Obviously, the value of dL/dT could be more than zero, less than zero, or equal to zero. In the case of dL/dT > 0 or dL/dT < 0, the static cavity length increases or decreases with increasing temperature, respectively. These situations are not expected to happen; however, it is almost a fact [16,17,18,19]. For dL/dT = 0, the static cavity length does not change with temperature change, which indicates that the probe has an intrinsically high thermal stability, which is what we wish to achieve.

It can be seen from Equation (9), in the case of α₁ ≥ α₂, dL/dT is always greater than zero because of L₁ ≥ L₂. If it is desired to get dL/dT = 0, then the thermal expansion coefficient of the shell must be less than that of the fiber ferrule, i.e., α₁ < α₂.

For a given FFPC sensing probe, α₁, α₂, and L₂ have defined values. The proper static cavity length is referred to as L₁₀. When the static length is L₁₀, there is dL/dT = α₁L₁₀ − α₂L₂ = 0. In the case of α₁ < α₂, dL/dT will be smaller than zero when L₁ < L₁₀, and dL/dT will be greater than zero when L₁ > L₁₀. It is very interesting that the value of dL/dT could vary from a negative value to a positive value with L₁ increasing and we can make dL/dT close to zero by adjusting the cavity length. So, we can obtain a temperature-insensitive FFPC sensing probe by two steps: (1) select the materials of the shell, core, and fiber ferrule according to α₁ < α₂, and (2) adjust L to let dL/dT be close to zero. We call this method structure compensation. It should be mentioned that the value of dL/dT can be obtained by experiments.

In experiments, to get a proper static cavity length for high thermal stability of the FFPC sensing probe, we first set an arbitrarily static cavity length. Then, we obtained interference spectroscopies at different temperatures and the value of ΔL/ΔT, where ΔL is the change of cavity length and ΔT is the change of temperature. If ΔL/ΔT < 0, we enlarged the cavity length L, and if ΔL/ΔT > 0, we reduced L until reaching the proper cavity length. To obtain the proper static cavity length, we needed to get the relative adjusting length to cavity length.
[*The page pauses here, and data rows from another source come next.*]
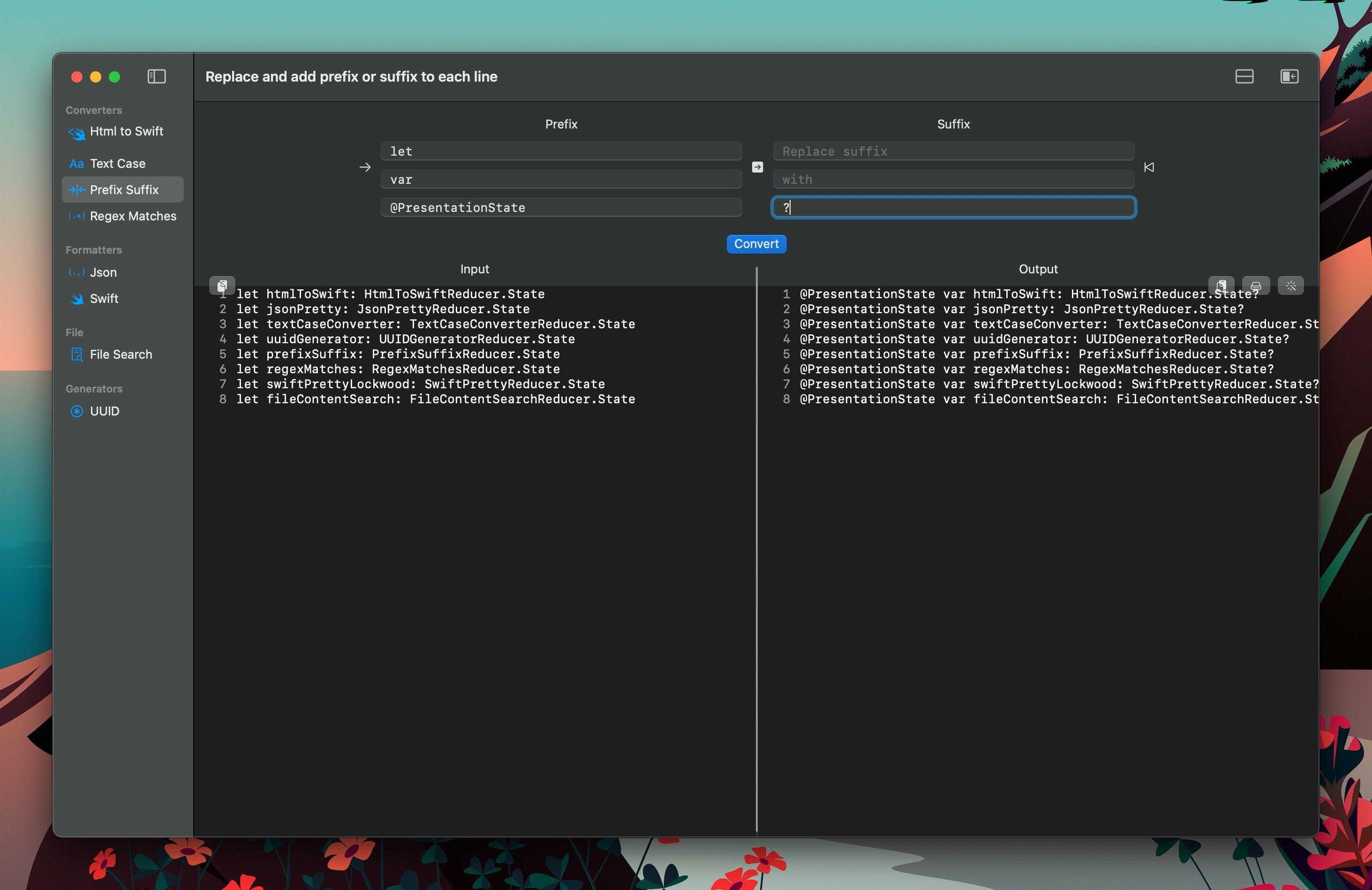 Convert Html to Swift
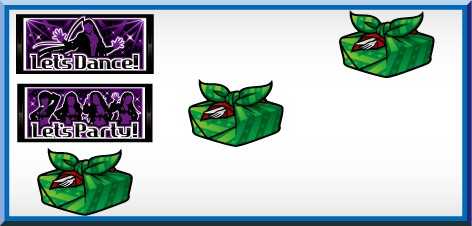 ＨＥＹ！鏡の2連BAR狙い時のレア役の停止型《弁当箱》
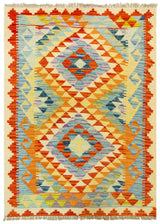 Kilim Afgano | 114 x 84 cm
The relative adjusting length is referred to as ΔL_R.

In order to get ΔL_R, we only needed the value of ΔL/ΔT that can be obtained by experiments and the thermal expansion coefficient α₁ of shell, and we did not need the exact values of L₁, α₂, and L₂. The relative adjusting length ΔL_R can be determined by Equation (10):

ΔL_R = − (ΔL/ΔT)/α₁

(10)

According to Equations (9) and (10), L₁₀ = L + ΔL_R, which is the proper static cavity length. Normally, we could not precisely adjust the length change to L₁₀ at once, so two or three adjusting circles were needed.

From the above analysis, the key to applying structure compensation is how to get the change of cavity length ΔL. To get the value of ΔL by experiments, we acquired the interference spectroscopy at different temperatures by using a wideband source. The change of cavity length ΔL could be determined by the shift of interference spectroscopy Δλ by Equation (11) [31]:

ΔL/L = Δλ/λ₀

(11)

where λ₀ is the wavelength of a certain peak in the interference spectroscopy, and Δλ is the shift of interference spectroscopy in reference to λ₀ with temperature change.

3. Composite Ferrule

Ceramic ferrule is commonly used in fiber sensors. Its thermal expansion coefficient is about 9.65 × 10⁻⁶ m/(m·°C). Most metals have a greater thermal expansion coefficient than that of ceramic ferrule. For example, the thermal expansion coefficient of nickel–copper alloy is about 14.4 × 10⁻⁶ m/(m·°C). So, it can be difficult to obtain properly pure materials with α₁ < α₂ for fabricating sensors.

To obtain α₁ < α₂, a feasible solution to obtain larger α₂ is to use composite ceramic ferrule and a material with a large thermal expansion coefficient, i.e., epoxy, as shown in Figure 1b. The thermal expansion coefficient of the composite can be expressed as

$${\alpha }_2=k_C{\alpha }_C+k_E{\alpha }_E=\frac{L_C{\alpha }_C}{L_C+L_E}+\frac{L_E{\alpha }_E}{L_C+L_E}$$

(12)

where k_C and k_E are the proportion of the ceramic ferrule and epoxy, respectively; α_C and α_E are the thermal expansion coefficient of the ceramic ferrule and epoxy, respectively; L_C and L_E are the length of the ceramic ferrule and epoxy, respectively; and (k_C + k_E) = 1. Due to α_E > α₁, it is easy to get α₁ < α₂ by compositing.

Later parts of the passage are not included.